Return the full listing unchanged, apart from leaving out its images.

:: INFORMATION SUPPLIED ::
▶

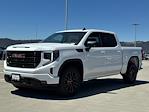 New 2025 GMC Sierra 1500 Elevation Crew Cab Pickup for sale #G250919 - photo 4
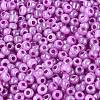 Glass Seed Beads SEED-A011-3mm-150-3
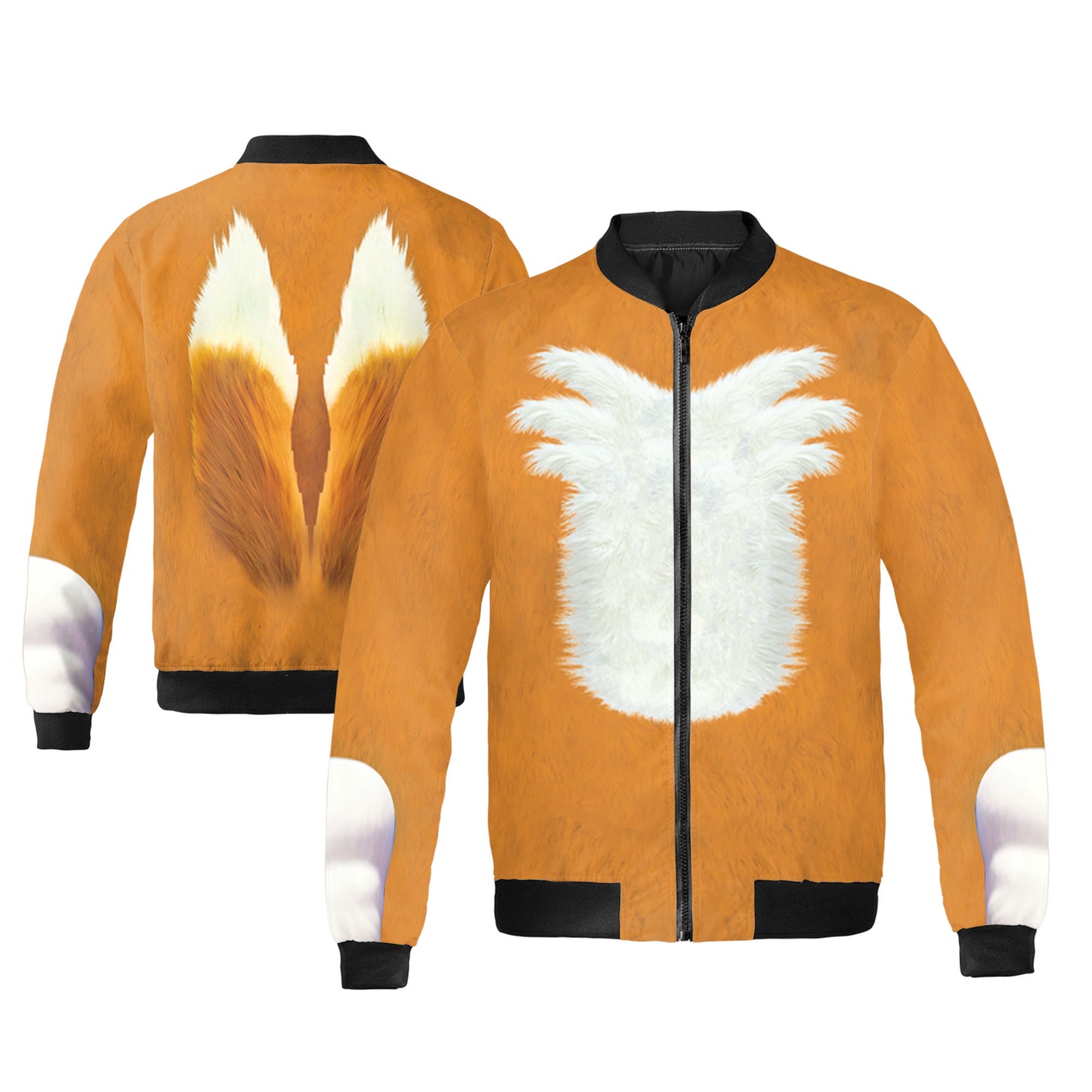 custom-orange-fox-speedter-cinematic-cosplay-tka46-9126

◀

:: EXERCISE SOLUTION ::
 New 2025 GMC Sierra 1500 Elevation Crew Cab Pickup for sale #G250919 - photo 4
 Glass Seed Beads SEED-A011-3mm-150-3
 custom-orange-fox-speedter-cinematic-cosplay-tka46-9126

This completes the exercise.